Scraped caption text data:
****

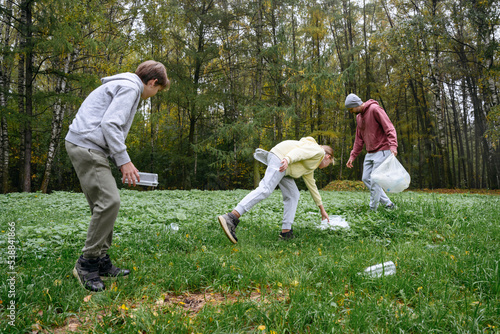 Man with children collecting garbage from grass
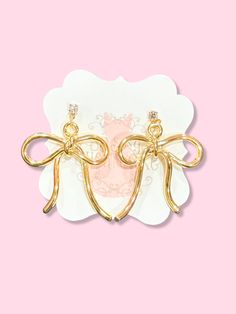 Evie Gold Bow Earrings | Sassy Shortcake |sassyshortcake.com Gold Dainty Bow Earrings, Gold Dainty Earrings With Bow, Dainty Gold Earrings With Bow, Elegant Rose Gold Bow Earrings, Elegant Rose Gold Earrings With Bow, Dainty Gold Bow Earrings, Chic Gold Earrings With Decorative Bow, Gold Ribbon Earrings For Party, Gold Earrings With Decorative Bow For Formal Occasions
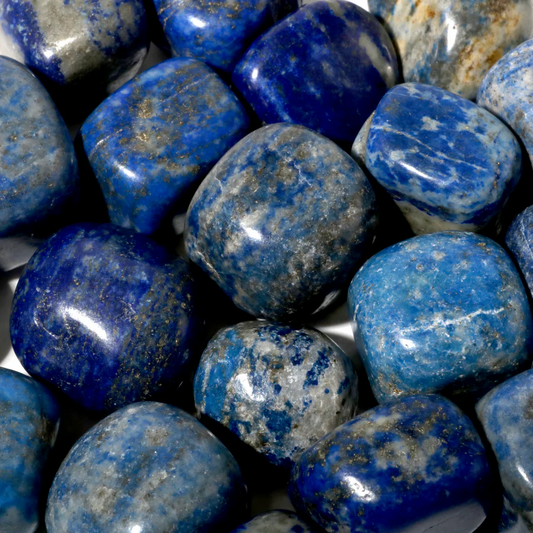 Deep blue lapis lazuli crystals for throat chakra healing and wisdom enhancement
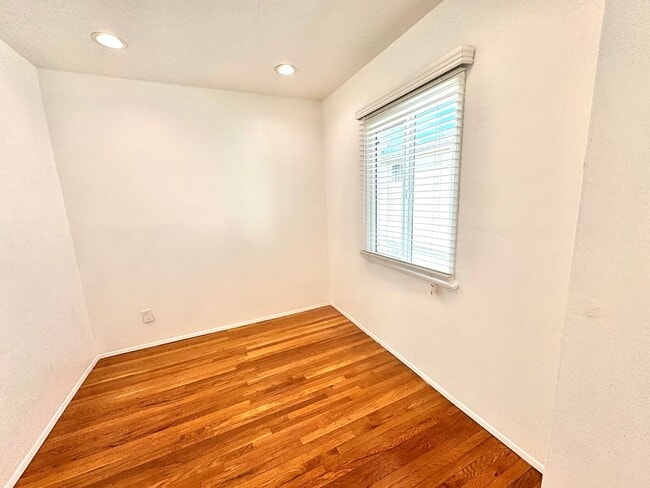 Building Photo - An apartment with character! Hardwood floo...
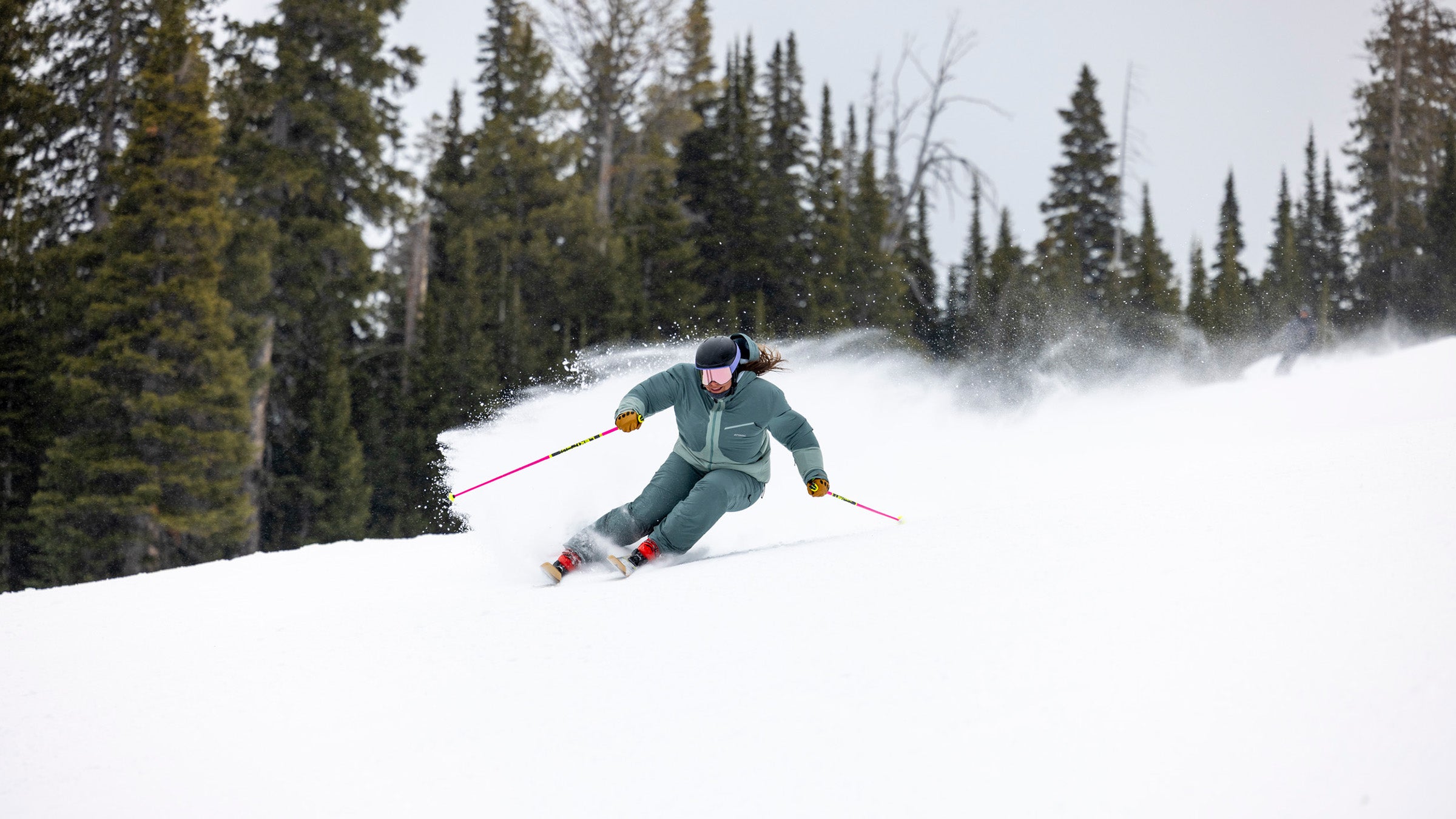 Woman in green skiing on snow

****

Assigned task
Print out the entries above word for word from the first line to the line containing "Building Photo - An", both included, omitting the pictures.

Written response
 Man with children collecting garbage from grass
 Evie Gold Bow Earrings | Sassy Shortcake |sassyshortcake.com Gold Dainty Bow Earrings, Gold Dainty Earrings With Bow, Dainty Gold Earrings With Bow, Elegant Rose Gold Bow Earrings, Elegant Rose Gold Earrings With Bow, Dainty Gold Bow Earrings, Chic Gold Earrings With Decorative Bow, Gold Ribbon Earrings For Party, Gold Earrings With Decorative Bow For Formal Occasions
 Deep blue lapis lazuli crystals for throat chakra healing and wisdom enhancement
 Building Photo - An apartment with character! Hardwood floo...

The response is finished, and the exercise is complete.